Handy Hose, a magnetic hose holder aimed specifically at dairy farmers, developed by two award-winning students from Thurles CBS, has managed to make them the youngest Glanbia vendors “by far”.
Jack O’Mara (16) and Daniel Ruddy (17) took home the top prize in the senior category at the Student Enterprise Programme national finals, run by the Local Enterprise Offices in May this year.
The invention attaches to a hose to enable it to “connect easily to any metal surface” within a milking parlour. The magnetic holder allows dairy farmers to “keep their wash down hose close to hand and prevents trip hazards”.
It was developed on the farm of former Kilkenny hurler, Lester Ryan.
Speaking about the invention, O’Mara says:
The Handy Hose Magnetic Holder connects the farmer’s host to the side of the pit. This eliminates the need to continually bend down, whilst also saving time and making milking easier.

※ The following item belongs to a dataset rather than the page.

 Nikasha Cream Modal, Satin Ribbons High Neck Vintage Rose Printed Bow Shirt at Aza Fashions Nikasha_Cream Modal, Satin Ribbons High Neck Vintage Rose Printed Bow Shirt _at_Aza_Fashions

“The product is designed to stay on the hose all the time meaning once you put it on, no further effort is required.”
The student enterprise, J&D Engineering, make the attachment themselves and, prior to Covid-19, had sold over 200 units. They continue to sell online.
Ruddy says receiving the listing with Glanbia is “something we could have only dreamed about” when they started working on it as a transition year project.
Senan Foley, Glanbia Ireland’s head of retail added that the students are “by far our youngest vendors and we take great pride in encouraging entrepreneurs for the future”.
Teachers Write To Minister About ‘Fundamental Problems’
Meanwhile, in other news, the Irish Agricultural Science Teachers’ Association (IASTA) has written to Minister for Education Norma Foley expressing concerns over the Leaving Certificate agricultural science assessment.
These concerns relate to the new Leaving Cert specification for the course, which was introduced in September 2019 and is due to be examined next June (2021) for the first time.
While the IASTA recognises that the new specification was “very much needed and welcomed by teachers”, it wishes to bring attention to some “fundamental problems that exist with the specification and with its implementation in the classroom”.